Located in South Australia, the iconic Victor Harbor Horse Drawn Tram has been thrilling tourists traveling between Granite Island and Victor Harbor since 1894. It is the only all year round public transport horse-drawn operation of its kind in the world.
This famous tram’s history dates back more than 160 years. Work on the railway commenced in 1851 and in 1864 the line reached Victor Harbor. Three years later this pier was extended to reach Granite Island, the resulting link becoming known as “The Causeway”.
By the 1950s, the causeway was in need of repair, but a dispute between the operators and the local council meant that in 1954 the causeway was reconstructed without rail tracks.
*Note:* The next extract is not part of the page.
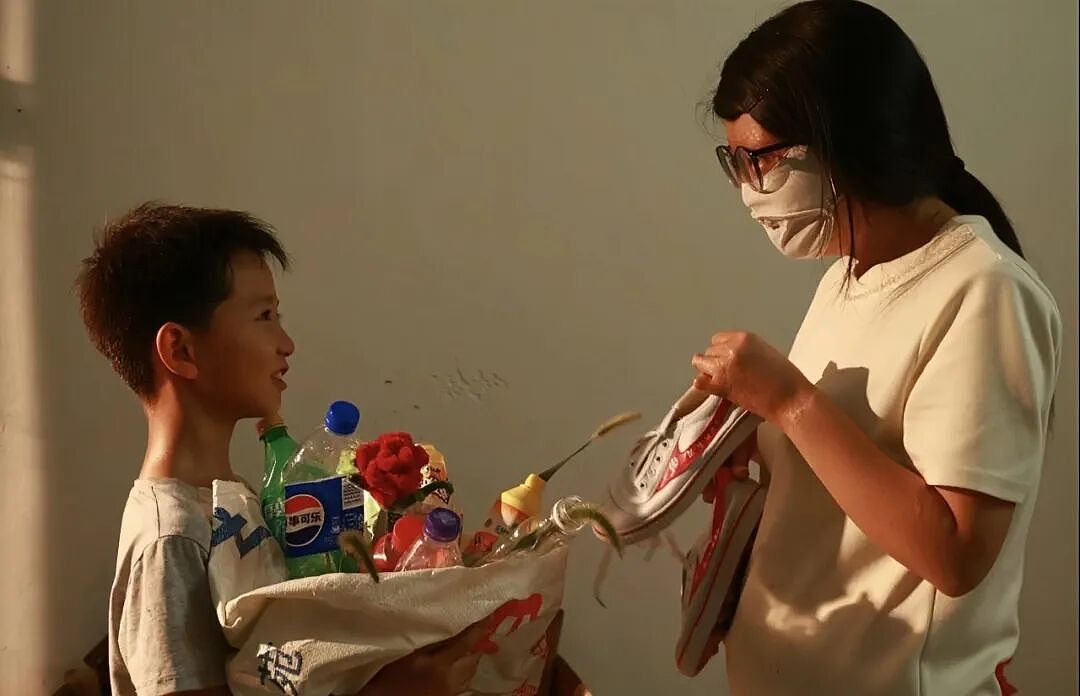 【情感】女主持烧伤毁容,离婚后收废品养家,8岁儿子操场大方喊话:有水瓶纸箱请留给我妈妈!(组图) - 10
When the cars were disposed of, the service continued to operate on Granite Island until 1956 and a rubber-tired train provided service across the causeway.
Although railway goods vehicles were routinely horse hauled on this line, no passenger service was offered until 1894 when the South Australian Railways decided to utilize one of their unused horse-drawn passenger trams to offer a service to the island.
1986 marked the 150th Jubilee of South Australia and a fund was established for special projects to mark the occasion. Reinstatement of the horse tram was nominated as such a project. Replica tram cars were built and tracks were relaid.
The historic tram takes passengers on the 600m wooden causeway across to Granite Island. Over 150,000 passengers climb aboard and enjoy the authentic journey every year. The island is uninhabited and has several walking trails and allows visitors extensive views of the shoreline. A team of 14 Clydesdale horses pulls the carriages, and each horse usually works only two shifts per week.